NUI Galway Students’ Union President, Clare Austick, explains how it came about, “There is always a main campaign chosen (by the USI) every year, with the main focus being on co-ordinating a national day of action (protest in Dublin). This campaign highlights all the barriers students face when accessing higher-level education. It includes the student contribution charge, which are the fees of €3000, the extortionate rent prices that students are expected to pay for accommodation, and the lack of investment in the sector, meaning essential student support services on campus”.

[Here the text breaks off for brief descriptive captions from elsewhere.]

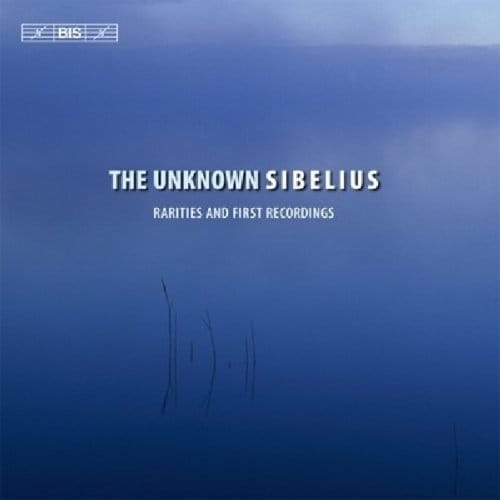 Lahti Symphony Orchestra, Okko Kamu, Osmo Vänskä - The Unknown Sibelius (CD)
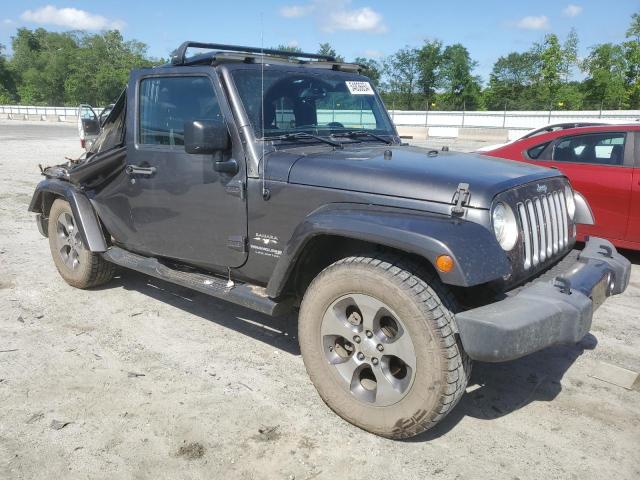 Photo 4 from auction – 2018 JEEP WRANGLER U with VIN 1C4HJWEG4JL929097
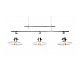 Подвесная люстра Lumina Deco Setorre LDP 711-3 CHR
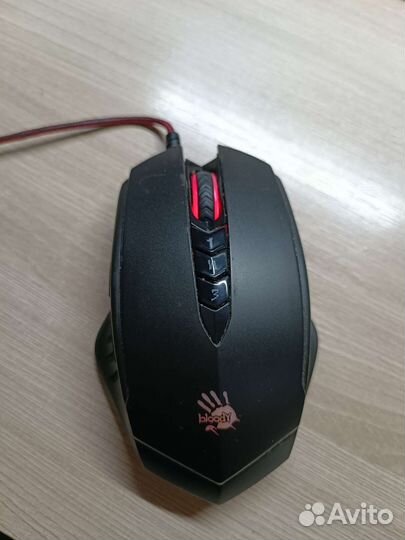Игровая мышь bloody v8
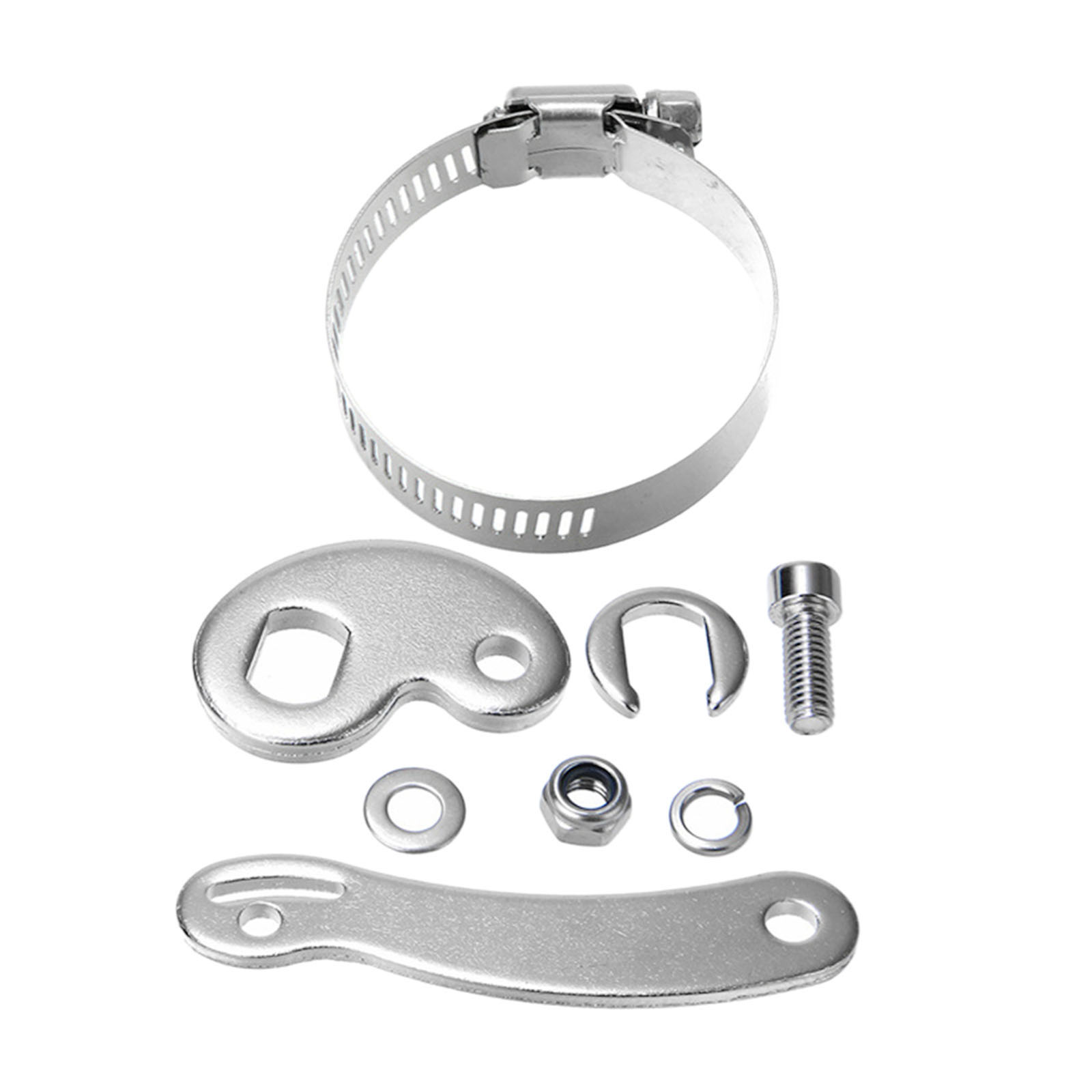 1 Set E-Bike Universal Torque Arm for Front Rear Hub Motor Conversion Kit
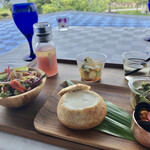 ぬーじ - ナチュラルランチプレート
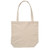 Natural Beige Blank - 10 Oz. Cotton Canvas Tote Bag - 14 1/2" x 15 1/2"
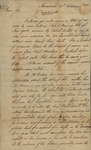 William Stephens to John Kean, January 31, 1795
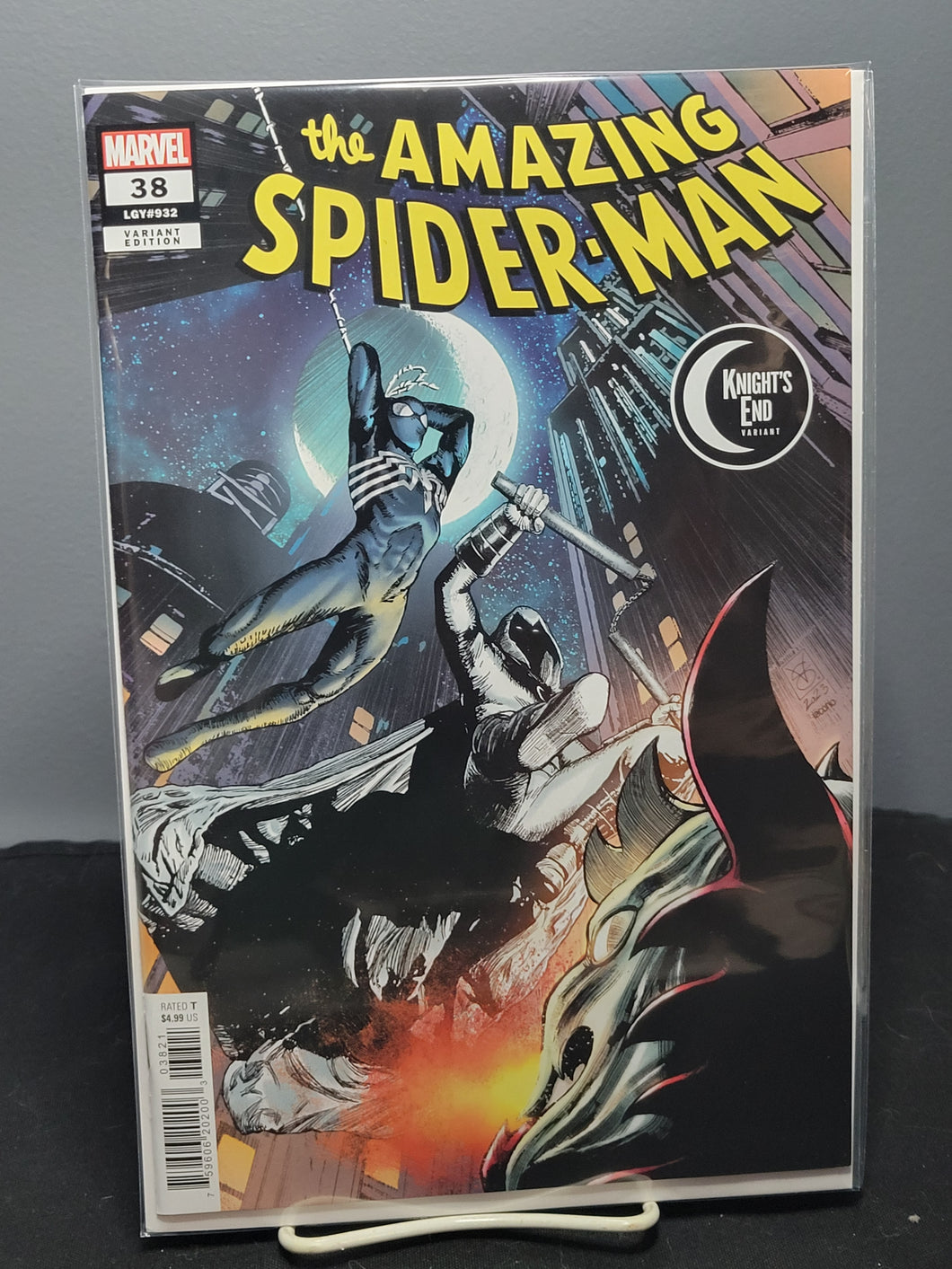 Amazing Spider-Man #38 Variant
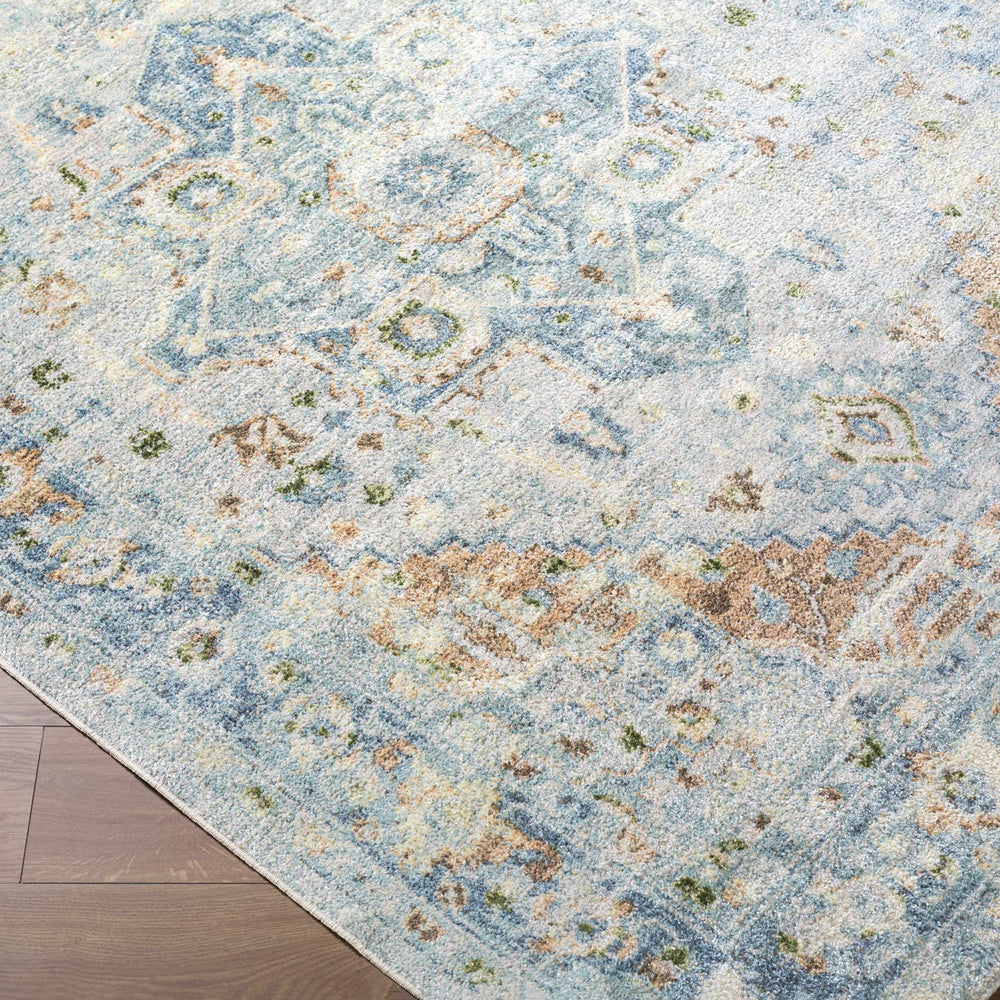 Ezri Washable Area Rug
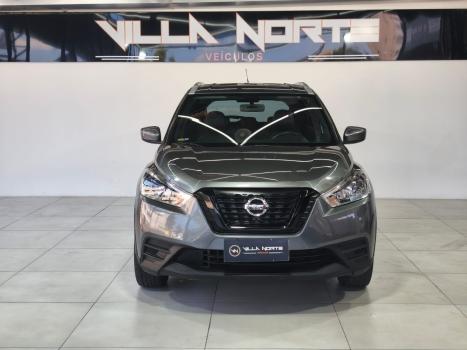 NISSAN Kicks 1.6 16V 4P FLEXSTART S DIRECT X-TRONIC AUTOM�TICO CVT, Foto 3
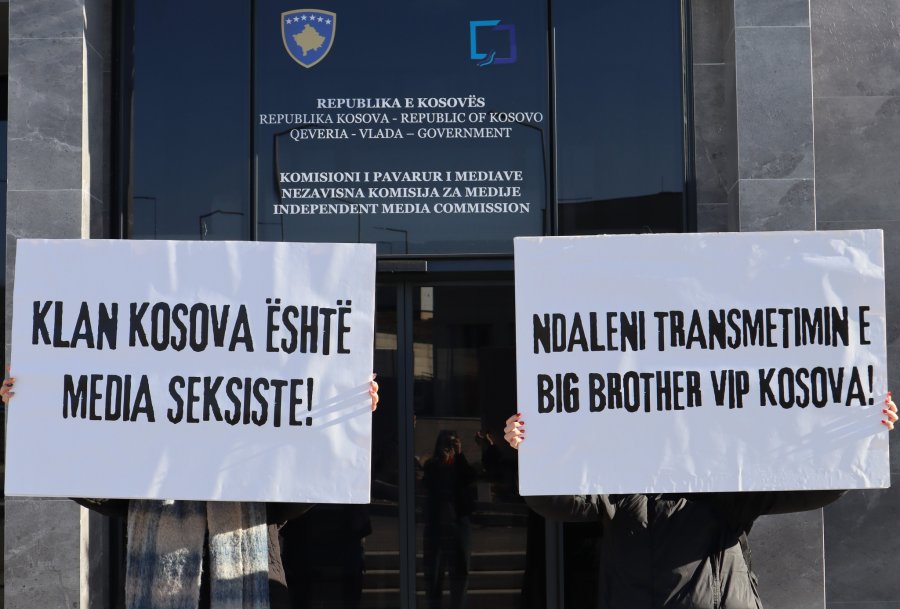 KPM-së i kërkohet që përfundimisht ta ndalojë transmetimin e Big Brother VIP Kosova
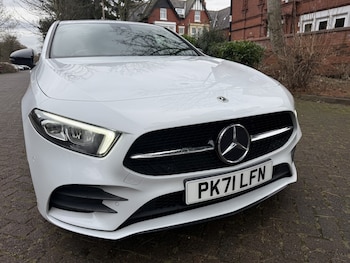 Used Mercedes-Benz A-Class 2022 for sale - 77754983: Photo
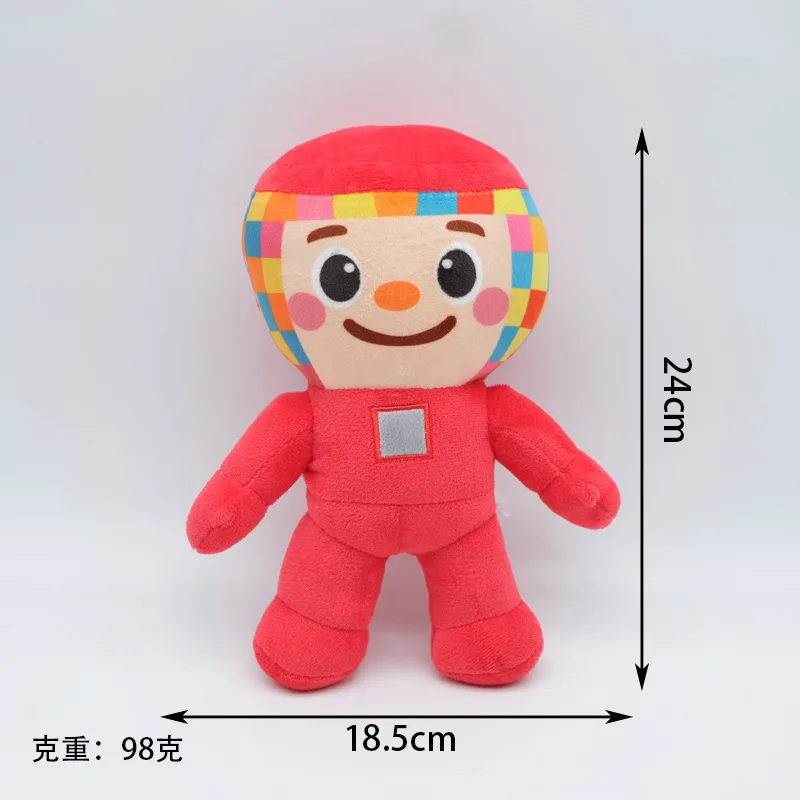 سرقة أ Brainrot Sammy Jandel أفخم لعبة الأجهزة الطرفية رقم 9 منزل أنيمي محشوة دمية الكرتون بلوشي الشكل القطن دمية هدايا الاطفال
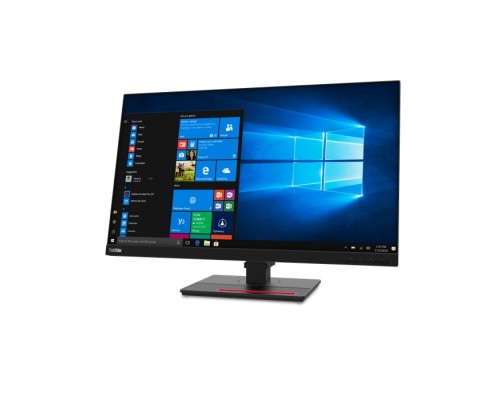 Монітор Lenovo ThinkVision T27q-20 WQHD (61EDGAT2UA)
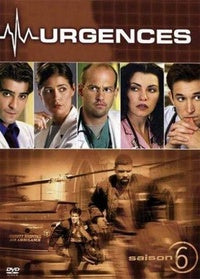 Urgences - Saison 6 [DVD]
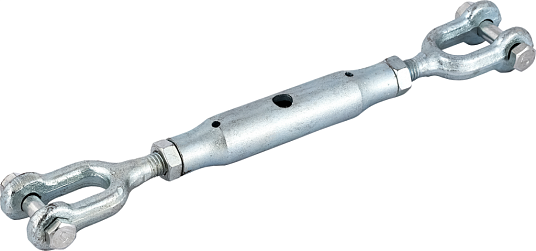 Талреп  20*200мм (вилка-вилка) DIN1478 2,0 тонн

Ms. Austick also stresses the severity of the situation that students are facing, which, in turn, amplifies the importance of this campaign, “I cannot emphasise how important this campaign is and why students should engage with it. This is about their future and the future of their siblings, cousins and people they know. We currently have the second highest fees in Europe and will have the highest after Brexit. 12 years ago, it cost €800 to attend University. Now, it’s €3000. How is that justified? The SUSI grant hasn’t been increased, yet the cost of living has. Support services on campus, such as the Counselling Service, are completely underfunded across Ireland and the housing crisis is worsening. There has not been any focus or investment into third level education in years, which is why I think this campaign is very appropriate and fitting. The Government needs to focus on education and make it a priority”.
The Students’ Union President also believes it’s time students took their power, and campaigns like this one, seriously. “My fear is that if students don’t speak up and call on the Government to do more, they won’t see it as an issue and will possibly increase the fees 10 years from now. Students should never underestimate the power of their voice. Collectively, we absolutely can make a difference”. She adds, “Students pay huge amounts of money each year to be in University but they definitely are not getting the value for their money (seats not functioning in lecture theatres, no seating on campus, lack of funding into support services, student staff ratio etc)”.
Ms. Austick outlines how to get involved in the fight to ‘Break the Barriers’ to education, “Students can use social media to make their peers aware by using the #BreakTheBarriers, they can write to their local TD’s and be part of the alternative event USI organises”.